**Task item:**
Could you please retype all of the records exactly, skipping any pictures?

[Image-text web data]
Segment Open

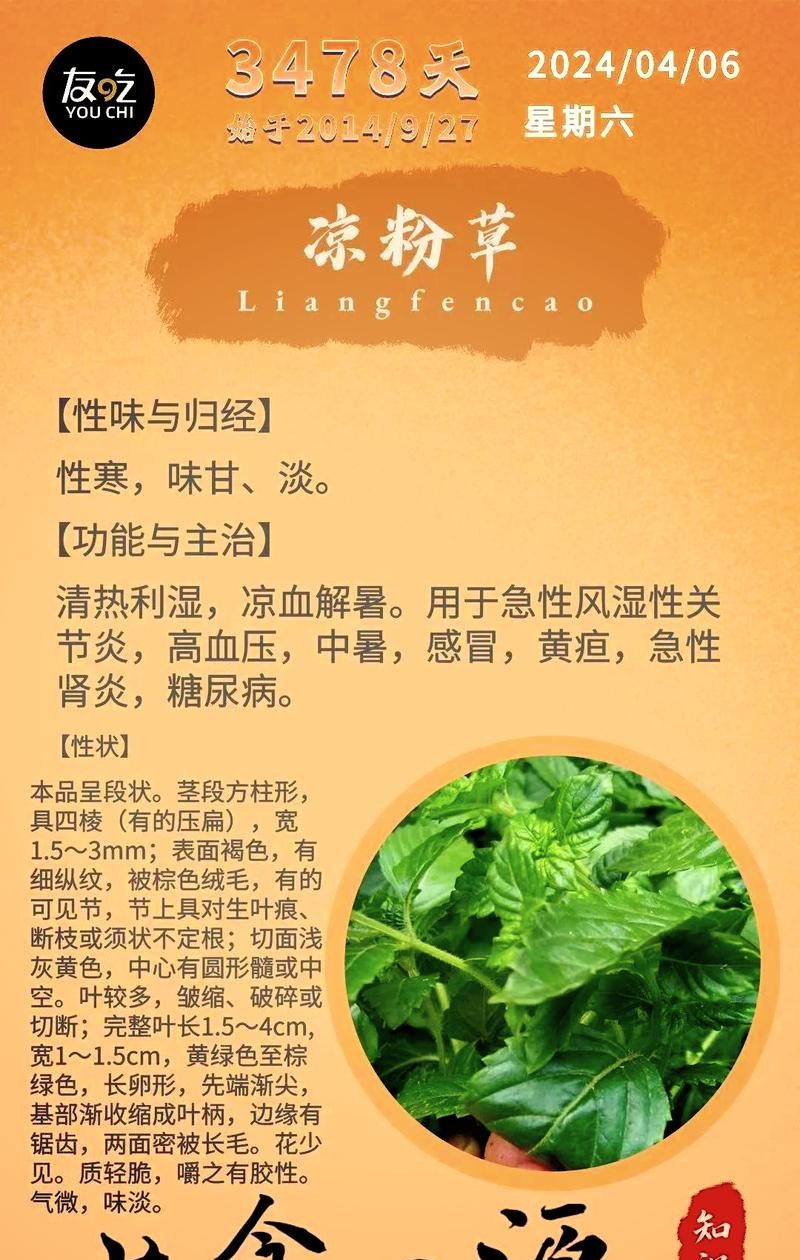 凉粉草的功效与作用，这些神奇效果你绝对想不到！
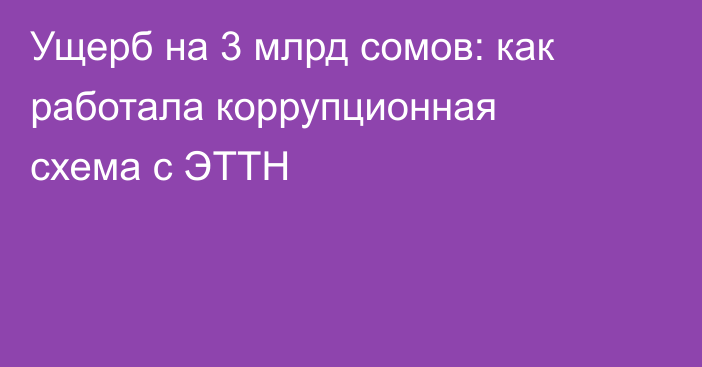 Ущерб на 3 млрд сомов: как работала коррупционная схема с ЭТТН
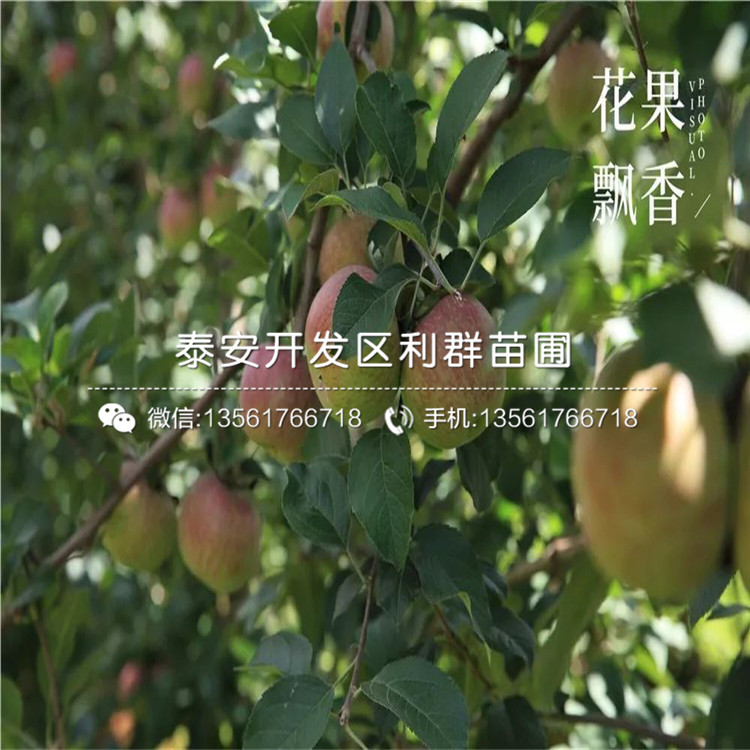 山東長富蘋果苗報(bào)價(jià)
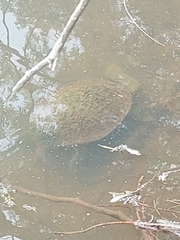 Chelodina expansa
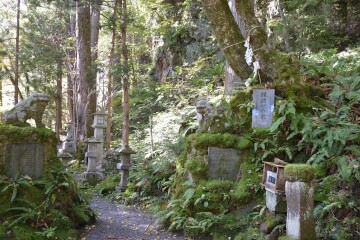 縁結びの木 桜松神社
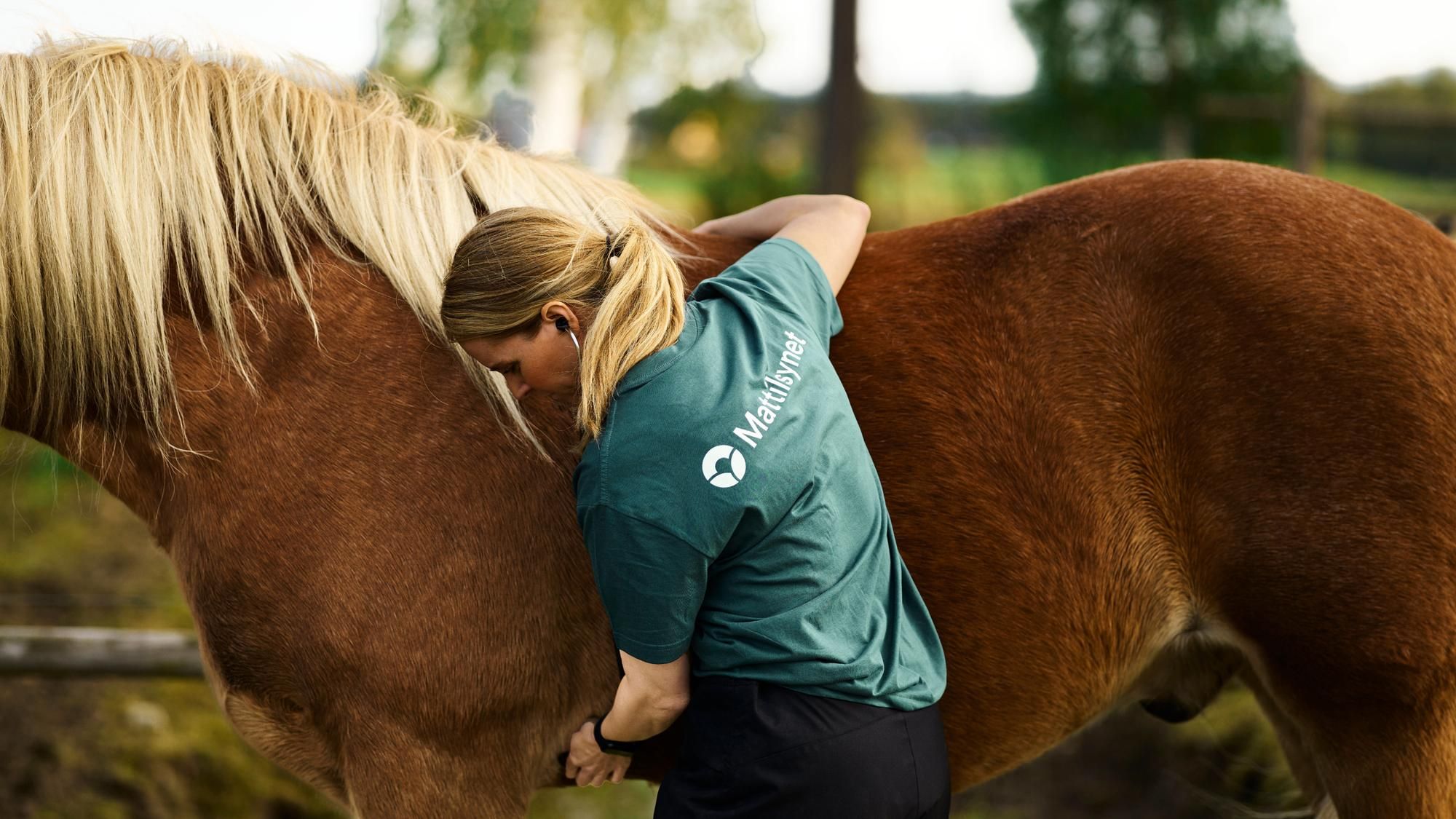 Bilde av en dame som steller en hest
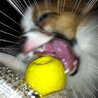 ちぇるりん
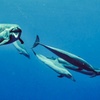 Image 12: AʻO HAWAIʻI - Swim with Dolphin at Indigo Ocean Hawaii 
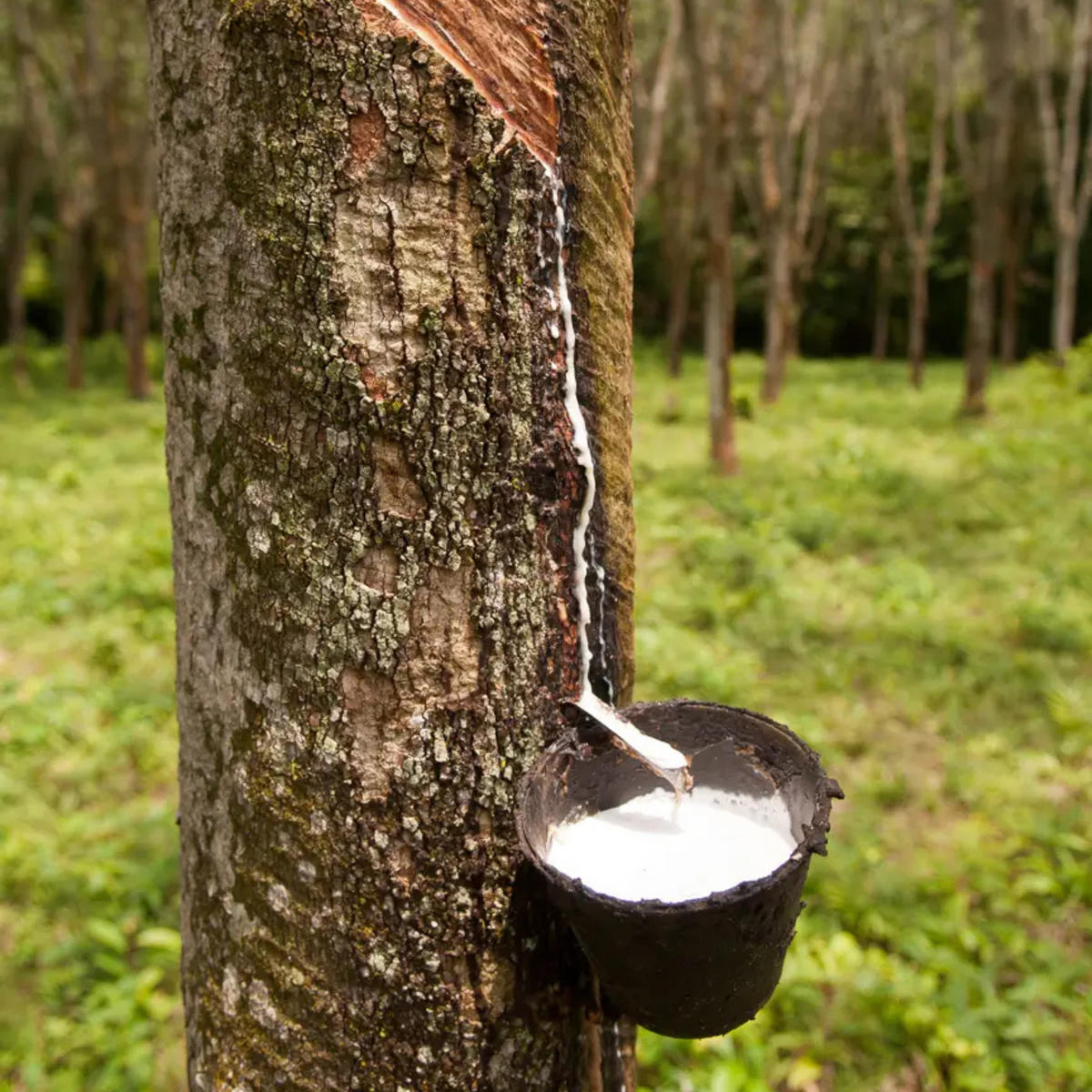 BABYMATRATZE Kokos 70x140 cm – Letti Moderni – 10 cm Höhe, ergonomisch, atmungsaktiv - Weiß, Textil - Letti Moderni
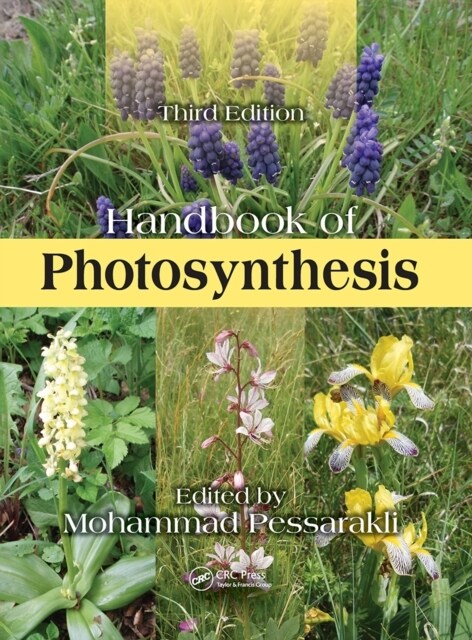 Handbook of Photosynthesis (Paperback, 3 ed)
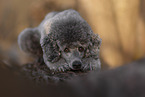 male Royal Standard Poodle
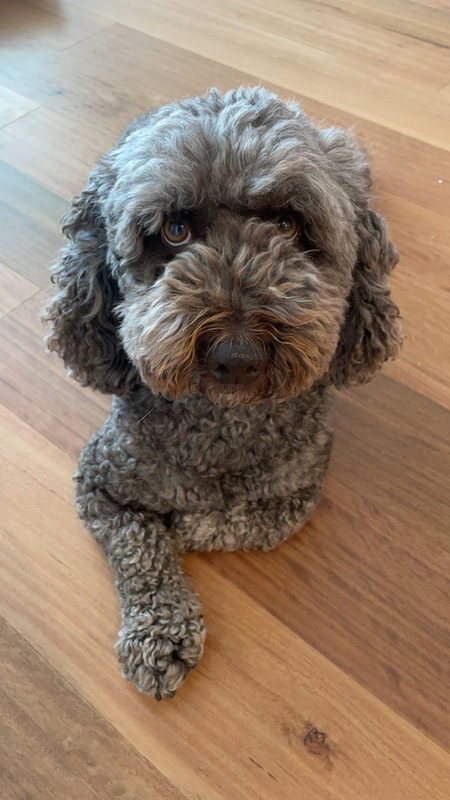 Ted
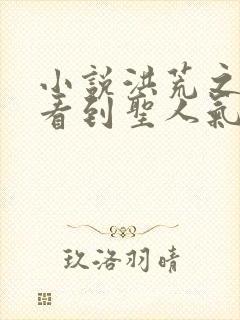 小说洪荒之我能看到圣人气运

Segment Closed

**Solution:**
 凉粉草的功效与作用，这些神奇效果你绝对想不到！
 Ущерб на 3 млрд сомов: как работала коррупционная схема с ЭТТН
 山東長富蘋果苗報(bào)價(jià)
 Chelodina expansa
 縁結びの木 桜松神社
 Bilde av en dame som steller en hest
 ちぇるりん
 Image 12: AʻO HAWAIʻI - Swim with Dolphin at Indigo Ocean Hawaii 
 BABYMATRATZE Kokos 70x140 cm – Letti Moderni – 10 cm Höhe, ergonomisch, atmungsaktiv - Weiß, Textil - Letti Moderni
 Handbook of Photosynthesis (Paperback, 3 ed)
 male Royal Standard Poodle
 Ted
 小说洪荒之我能看到圣人气运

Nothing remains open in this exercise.